Levantadas estas questões com base na pesquisa pode-se afirmar que não existe apenas um culpado. Se a grade curricular do curso de Arquitetura e Urbanismo não oferece aulas cujo enfoque seja a didática, não podemos simplesmente desistir de fazê-lo, porque então não seríamos nem professor nem arquiteto. Neste sentido a própria sociedade tem cobrado das autoridades competentes soluções a esse respeito. Não basta apenas a boa intenção que existe tanto por parte de professores quanto por parte de alunos, precisa haver melhorias didático-pedagógicas no sistema de ensino como um todo para efetivamente apresentar os resultados esperados pela sociedade. Para que ocorram estas melhorias entramos na dependência da esfera política, e dessa forma nos “isentamos” de maiores responsabilidades. 

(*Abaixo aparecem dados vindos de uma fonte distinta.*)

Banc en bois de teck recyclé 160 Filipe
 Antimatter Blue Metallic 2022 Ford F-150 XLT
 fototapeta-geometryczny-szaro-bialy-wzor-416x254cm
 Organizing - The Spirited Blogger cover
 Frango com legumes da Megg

O processo de pesquisa em arquitetura pode, sim, produzir conhecimento científico, desde que seja bem orientado e mais que isso, que seja bem compreendido em sua essência pelos alunos. Se for uma pesquisa consciente, é muito provável que os resultados serão conscientes também.

Paralelamente precisa haver uma melhoria da qualidade no ensino de projeto, o que já vem ocorrendo de fora tímida em algumas regiões do Brasil, onde se busca aperfeiçoar as práticas pedagógicas tendo em mente que ao “saber arquitetura” e ao “saber fazer arquitetura” deve-se acrescentar ainda o “saber ensinar arquitetura”. Juntamente com esse processo deve ocorrer a profissionalização do professor de projeto, o que levará necessariamente a uma melhoria na formação do futuro professor-arquiteto.

5. Referências Bibliográficas 

PALANGANA, Isilda Campaner. Desenvolvimento e Aprendizagem em Piaget e Vygotsky: a relevância do social.  2. ed. São Paulo: Plexus, 1998.   

SARAVALI, Eliane Giachetto. Estudos Piagetinaos e Psicologia Genética: Contribuições da Teoria de Piaget para a Formação de Professores; ETD. Educação Temática Digital, Campinas, São Paulo: v.5, n.2, p.23-41, jun. 2004 – ISSN: 1517-2539. 

UREN, Flavio Henrique da Rosa. Bases pedagogicas para la ensenanza del proyecto arquitectonio : abordajes del proceso (tese de doutorado). Assuncion: Universidad Politecnica y Artistica del Paraguay, 2005. 

VELOSO, Maísa; ELALI, Gleice A. A Pós-Graduação e a Formação do (Novo) Professor de Projeto. In: LARA, Fernando; MARQUES, Sônia (org.). Projetar: desafios e conquistas da pesquisa e do ensino de projeto. Rio de Janeiro: EVC, 2003.